Along with a new group of players that will probably take time to gel and acclimate to each other, the Cavs have a new head coach in David Blatt. Not to mention two of the new “Big 3,” Irving or Love, have never even been to the NBA Playoffs.
Meanwhile, the defending NBA champion San Antonio Spurs welcome back virtually every player from a team about as fundamentally sound as we’ve seen in years and embarrassed James and the Miami Heat in the finals. The Oklahoma City Thunder still have Kevin Durant and Russell Westbrook teamed up with players who actually have playoff experience. The Chicago Bulls were a playoff team even without former MVP Derrick Rose, who has fully recovered from another knee injury. And, we’re not even mentioning talented teams like the Clippers, Rockets, Warriors, Mavericks and Trailblazers who were all playoff teams this past season and should only get better.
History also shows us winning an NBA title with new players in the first year is very rare.
Most recently in 2010, James did not immediately win with his cast of All-Stars his first year in South Beach.

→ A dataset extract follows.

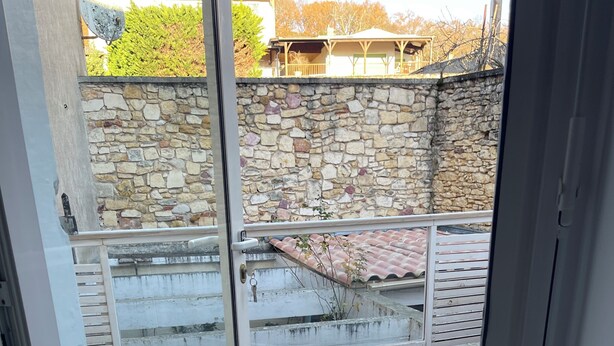 A balcony with a wooden deck, stone wall, and a view of a building with a tiled roof. - Villa Margot (Fumel)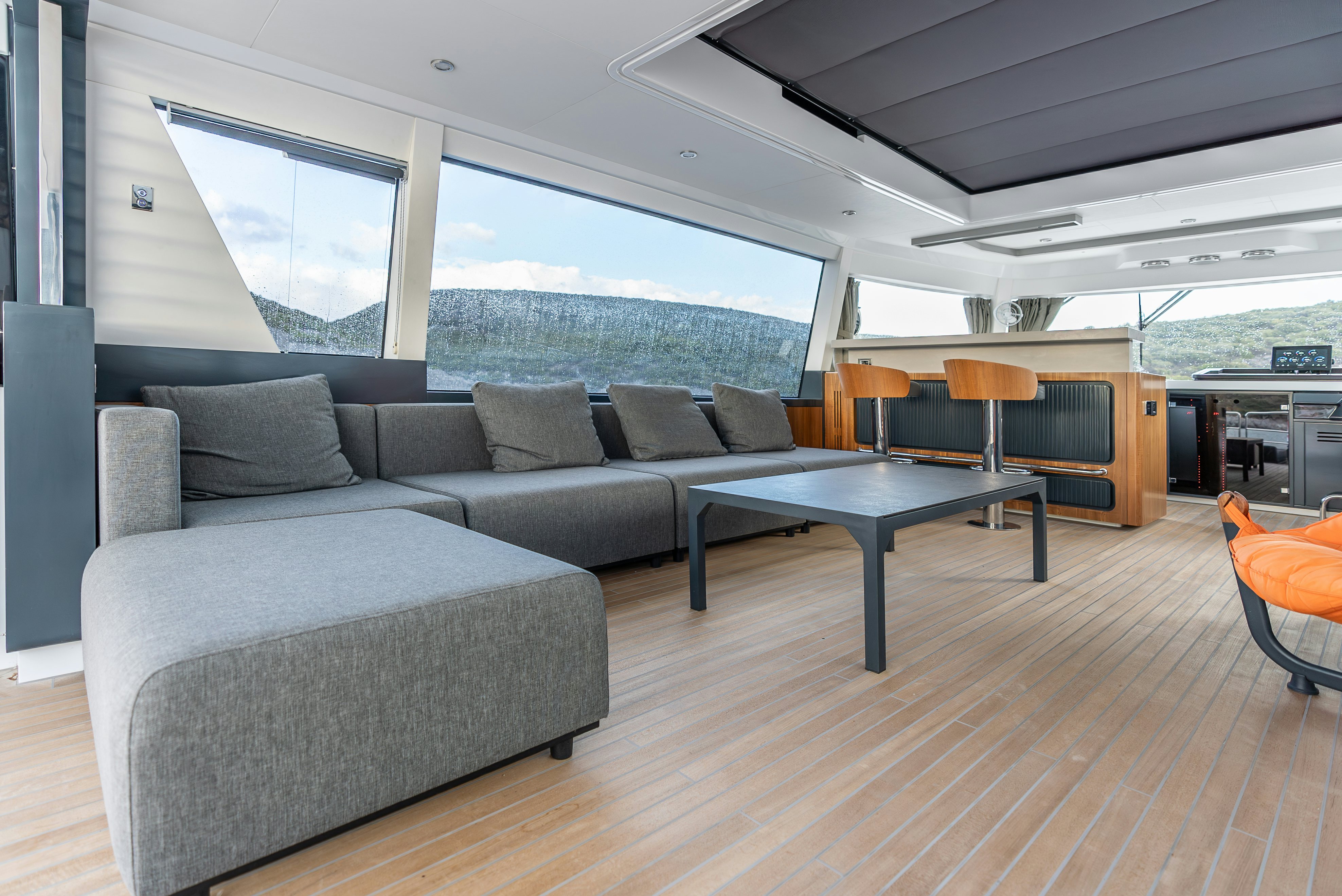 a living room with couches and a table aboard GALENE IV Yacht for Sale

The San Antonio Spurs won titles in 2003, 2005 and 2007, but ’03 was not the first year Tony Parker teamed up with Tim Duncan and the rest of the Spurs. Parker joined San Antonio in 2001 and Manu Ginobli didn’t join the Spurs until 2002.
Digging even deeper into the history books Shaquille O’Neal and Kobe Bryant teamed up in 1996 and did not win the NBA Championship until four years later in 2000.
Yes, the infusion of talent here in Cleveland is amazing and it probably will boost them immediately into the Eastern Conference Finals in a weak conference where the only threats appear to be the Bulls and Wizards; but that is still far from an NBA title.
This offseason has been unbelievable to witness for the Cavaliers. Relevant basketball has returned to downtown Cleveland. But, while Vegas has the Cavs listed as “favorites” and the fans are gushing with excitement, winning an NBA title in this first upcoming season will be much more difficult than it appears.
Remember, Vegas doesn’t lose and the Cavs simply do not have history on their side.